#### RECORDS FOR THE TASK ####

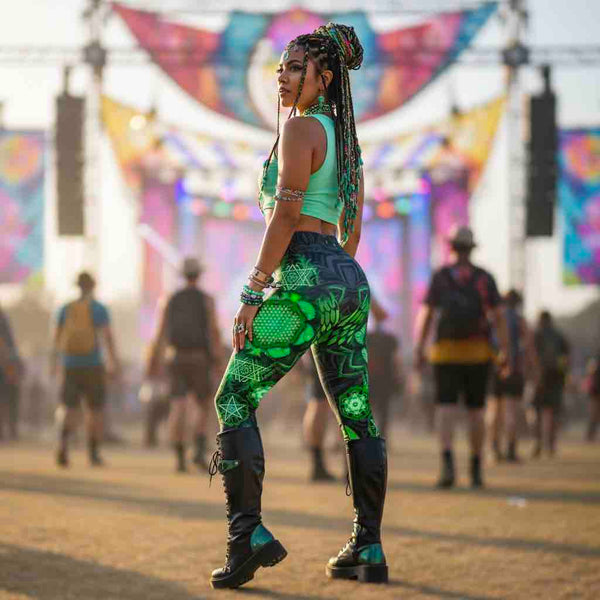 Women’s Green Yoga Leggings Angel Catcher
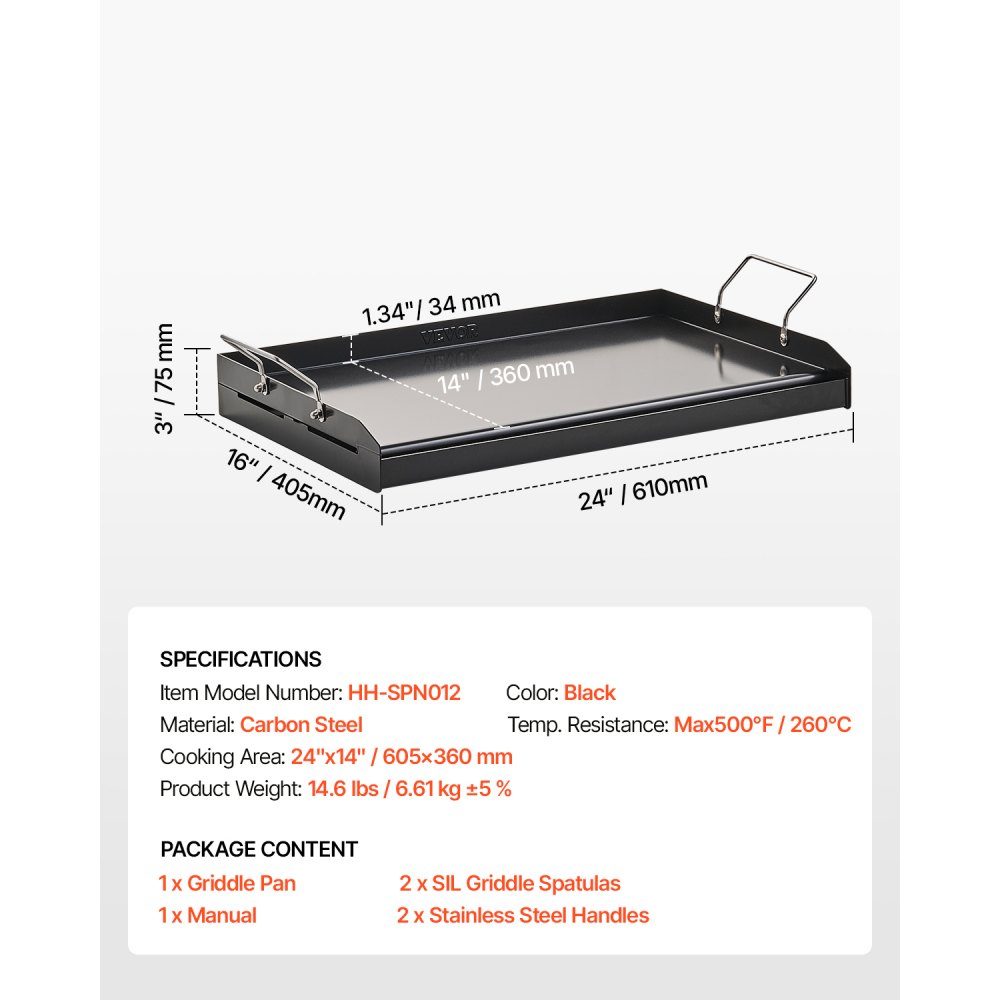 Grill Plate Grill Pan Carbon Steel Universal Rectangular Plate (605x360mm) with Flat Top Gas Grill Grill Plate for BBQ Grill Teppanyaki Portable Family Cookware with Handle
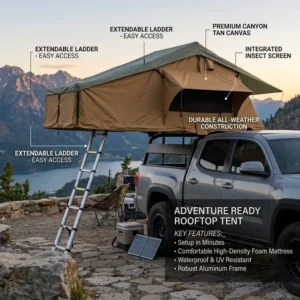 Custom New Soft Shell Waterproof Roof Top Tent for Outdoor Camping With Annex Heavy Duty Portable Lightweight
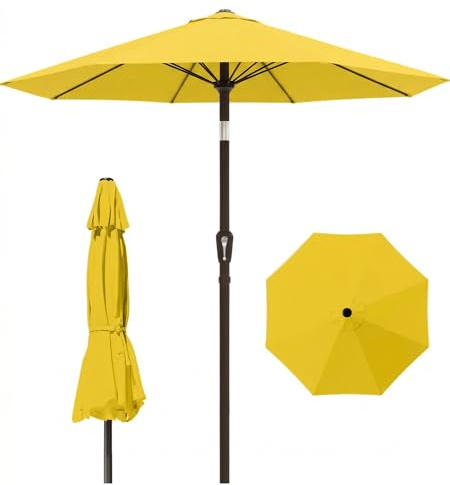 PatioKingdom Patio Umbrella with Push Button Tilt and Crank, Outdoor Market Umbrella with 8 Fiberglass Ribs, UV Protection Table Umbrella for Pool,Backyard,Garden,Deck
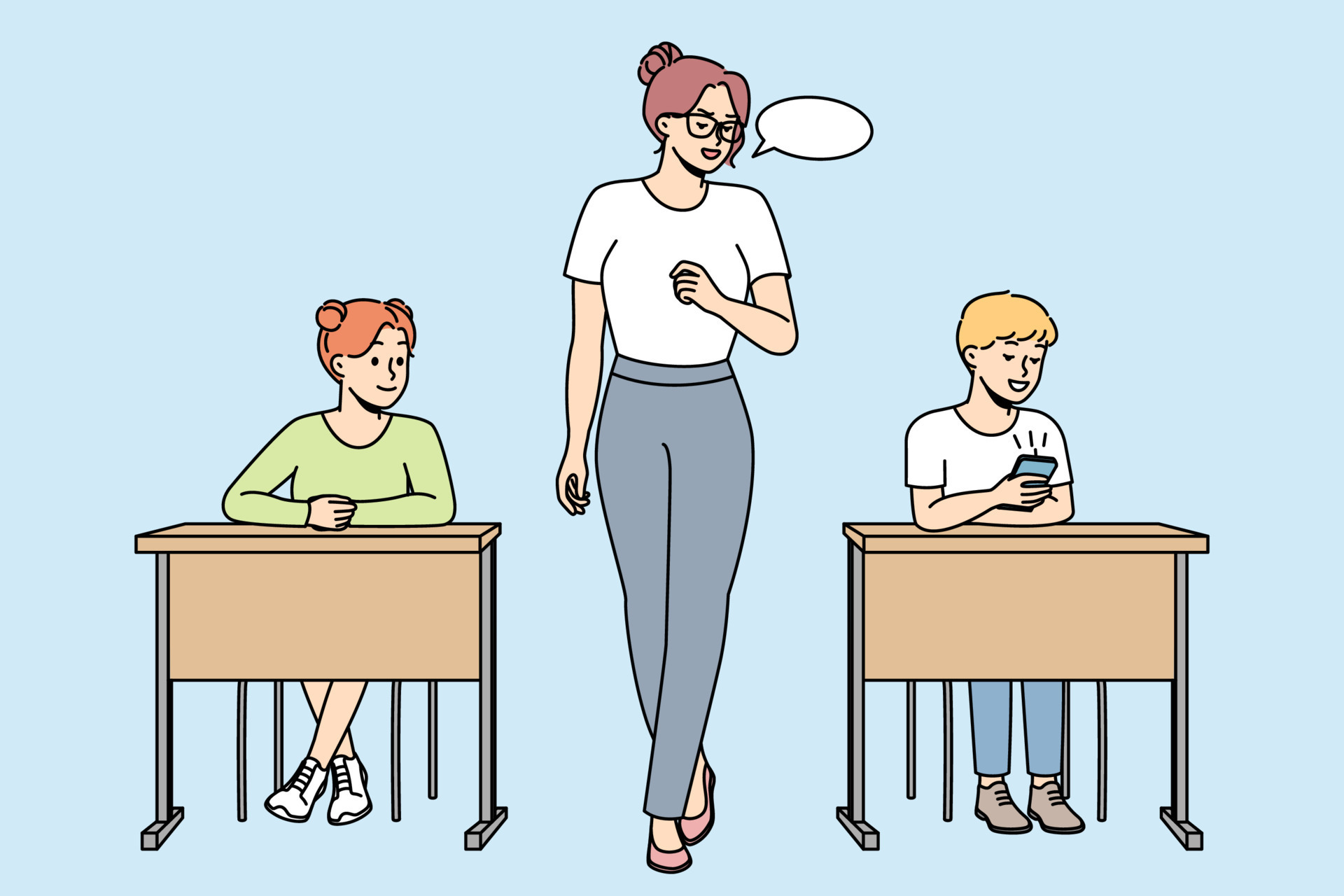 Teacher makes remark to schoolboy looking at cell phone in classroom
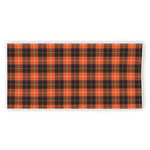 Orange Grey And White Tartan Print Beach Towel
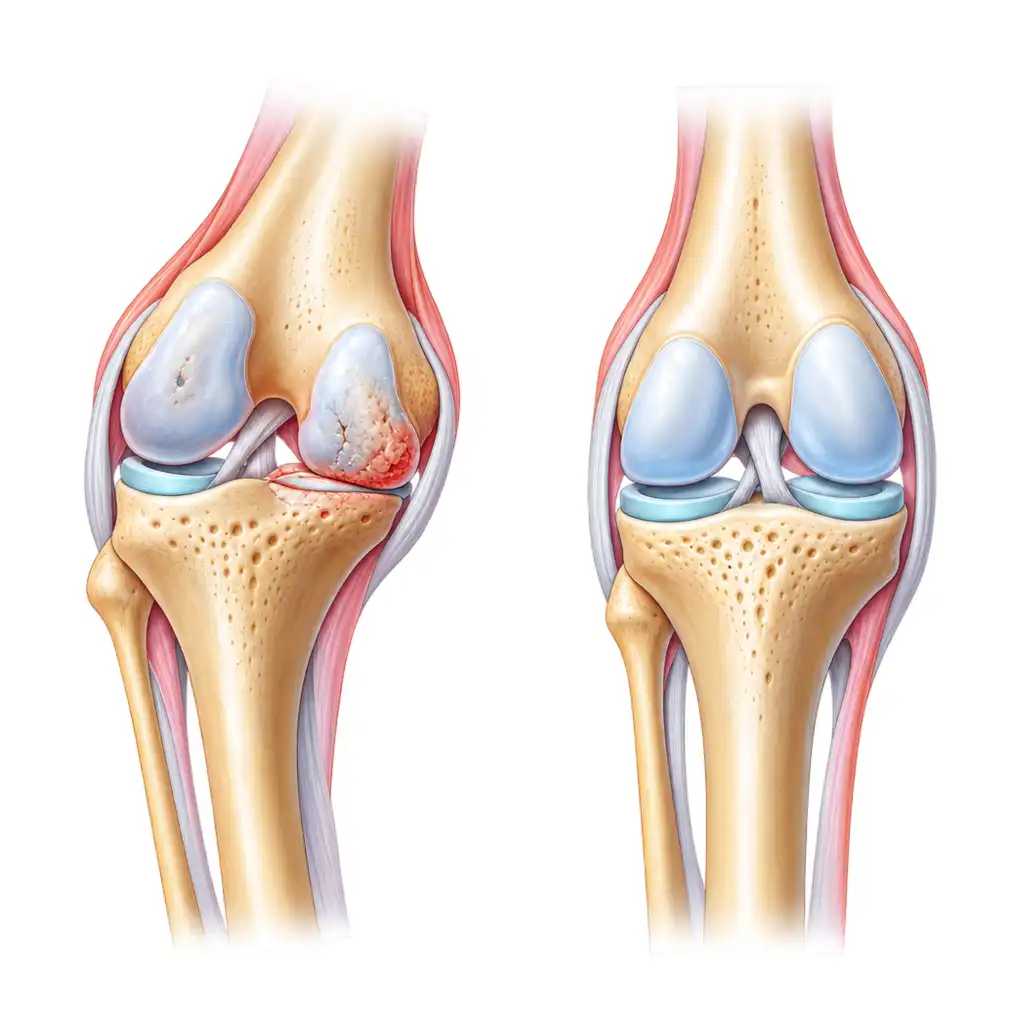 A leg out of line loads one side of the knee year after year — pain, an awkward walk, and arthritis earlier in adult life. Corrected in childhood, the knee loads evenly.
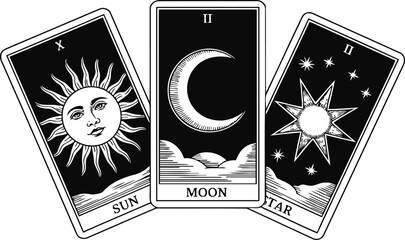 Solar moon and star tarot cards set mystical celestial symbols for divination and fortune telling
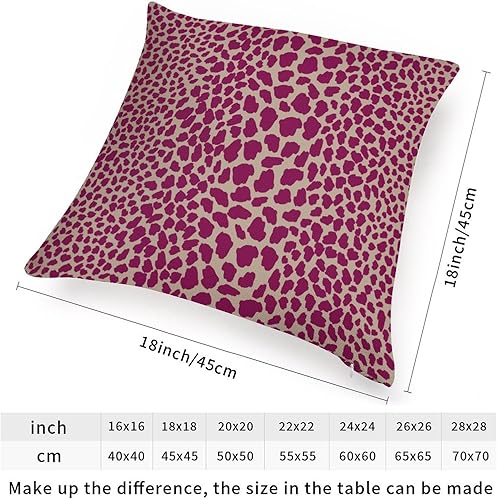 Vista 505 de ArogGeld Chinoiserie - Funda de cojín con estampado de leopardo y guepardo fucsia, con manchas de animales de vaca, color rosa oscuro, decoración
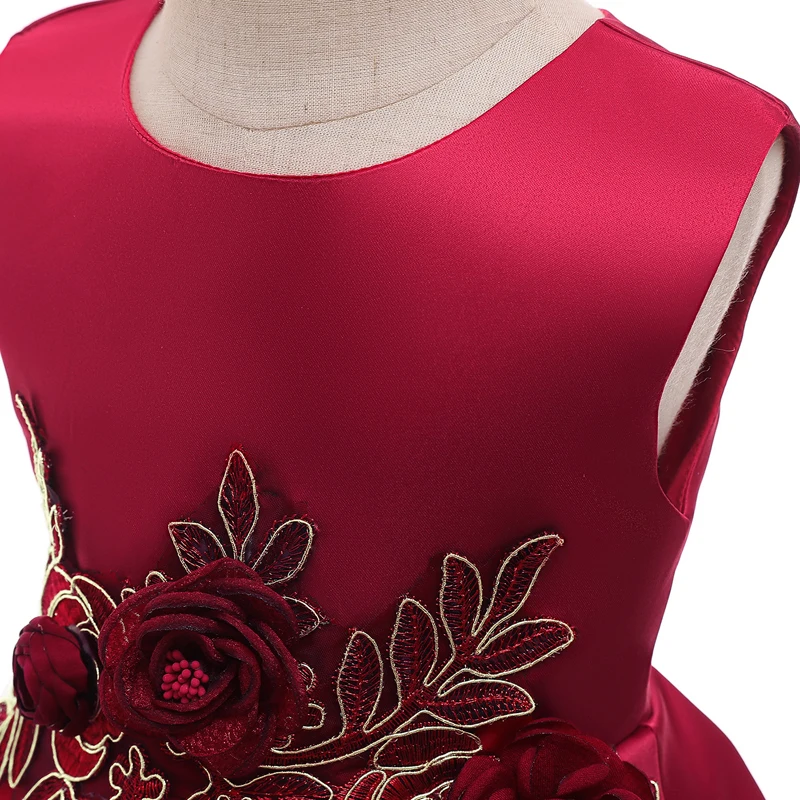 Christmas 2021 Children's Dresses Embroidered Girls Princess Dresses Flower Girls Dress Girls Piano Performance Dovetail Dresses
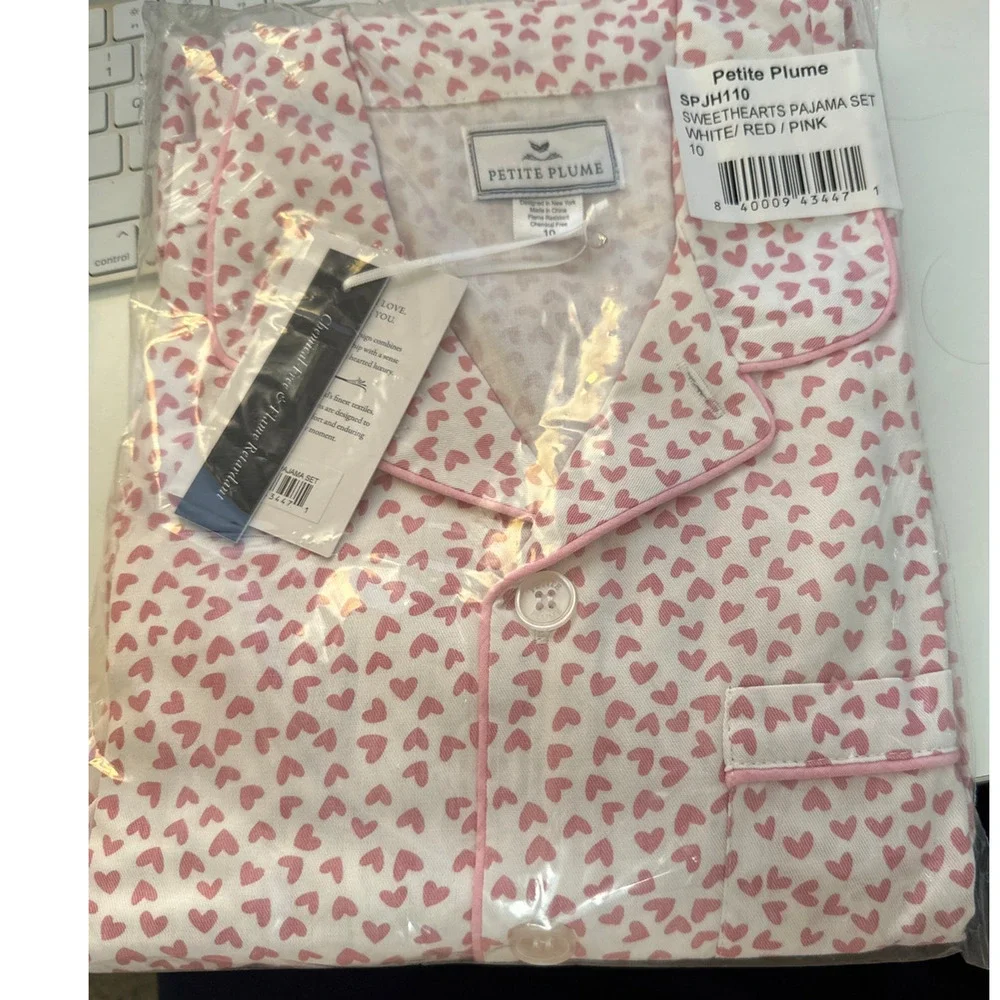 Petite Plume Sweethearts Classic Pajama Set White, Red, Pink Girls Size 10 New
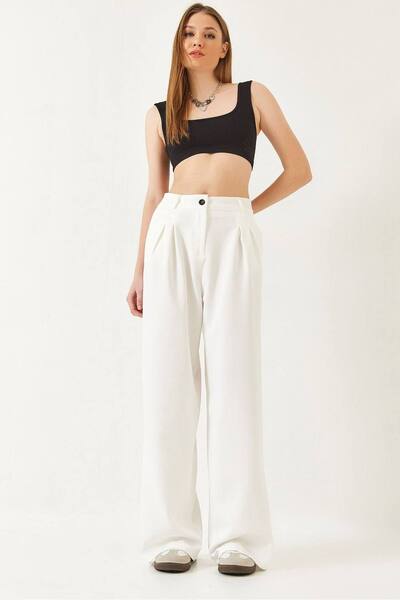  Bianco Lucci Wide Leg Pleated Pants, White 
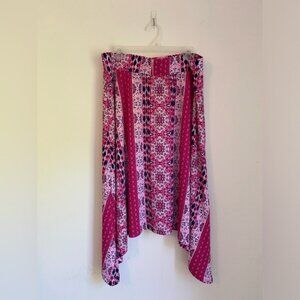 NWT New Directions Pink Patterned Midi-Skirt With Handkerchief Hem Size L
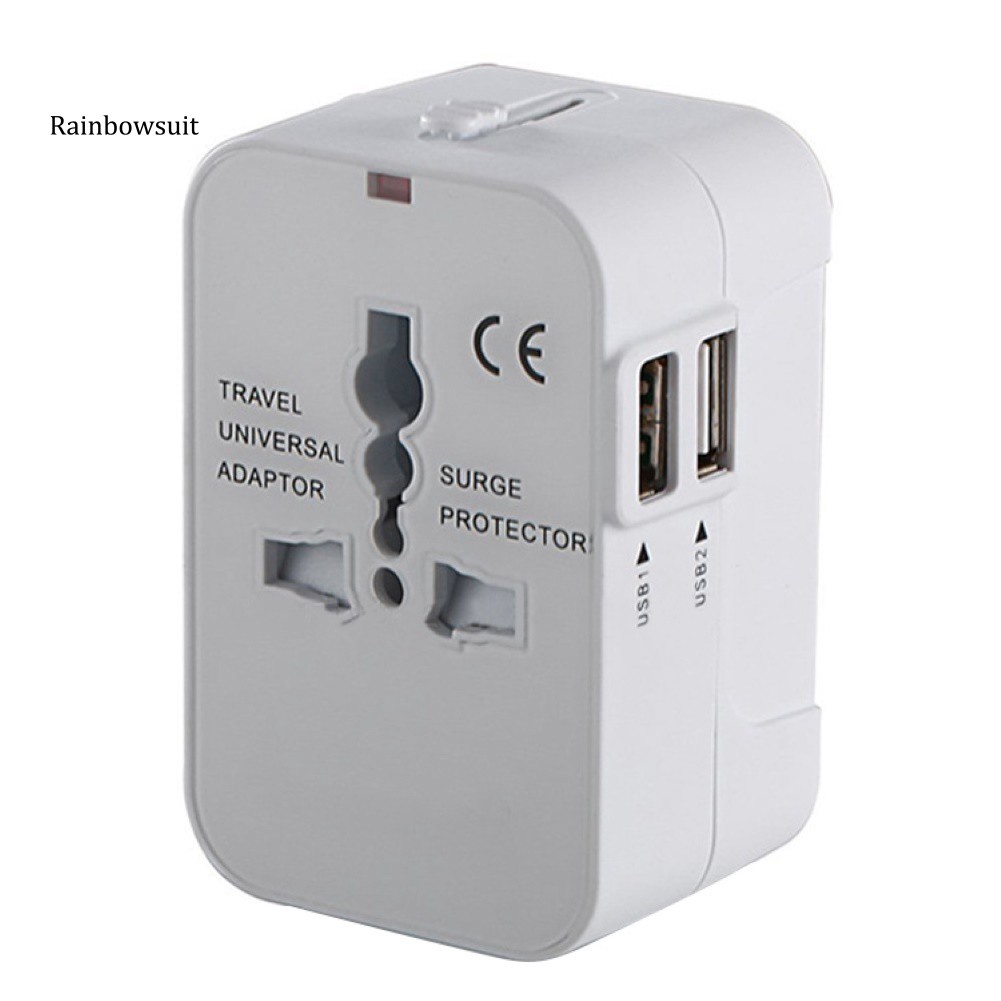 Phích chuyển đổi nguồn sạc 2 cổng USB AC US AU EU UK tiện dụng chất lượng cao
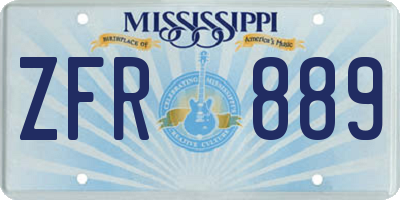 MS license plate ZFR889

####

Your task is to set down exactly the lines that run from the line holding "Phích chuyển đổi" through the close of the entries, including both ends. Pictures stay out.

FINAL ANSWER:
 Phích chuyển đổi nguồn sạc 2 cổng USB AC US AU EU UK tiện dụng chất lượng cao
 MS license plate ZFR889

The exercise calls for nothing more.